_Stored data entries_
■ ■ ■ ■ ■ ■ ■
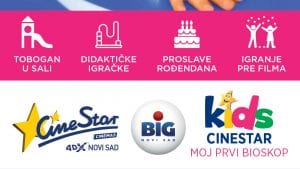 CineStar Cinemas otvara specijalizovani bioskop za decu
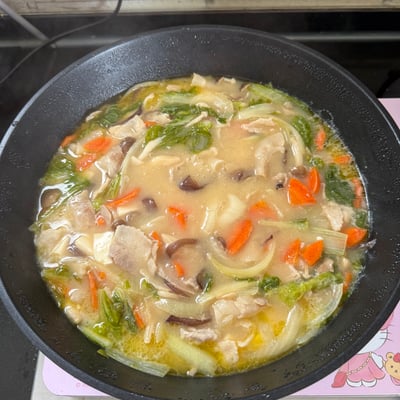 學員成果：味噌豚汁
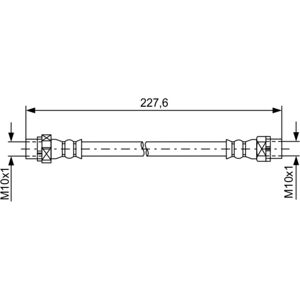 Bremsschlauch BOSCH 1 987 481 582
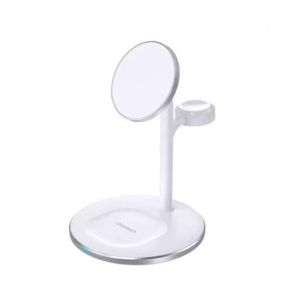 Choetech 3 In 1 Magnetic MagSafe Wireless Charger Silver (T585-F)
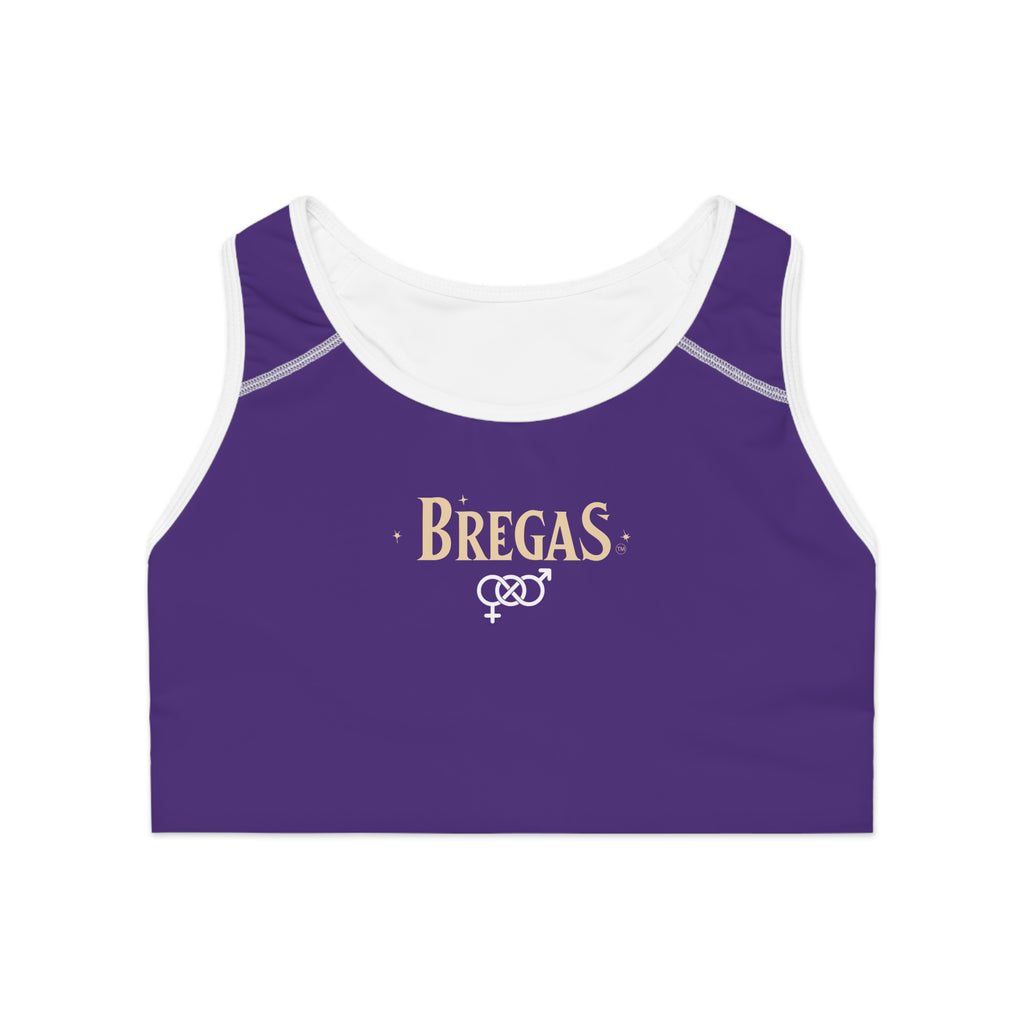 Sports Bra, Purple, Bisexual. Made in the USA.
■ ■ ■ ■ ■ ■ ■
_Your instructions_
Write the records out again verbatim and omit the pictures they contain.

_Result_
 CineStar Cinemas otvara specijalizovani bioskop za decu
 學員成果：味噌豚汁
 Bremsschlauch BOSCH 1 987 481 582
 Choetech 3 In 1 Magnetic MagSafe Wireless Charger Silver (T585-F)
 Sports Bra, Purple, Bisexual. Made in the USA.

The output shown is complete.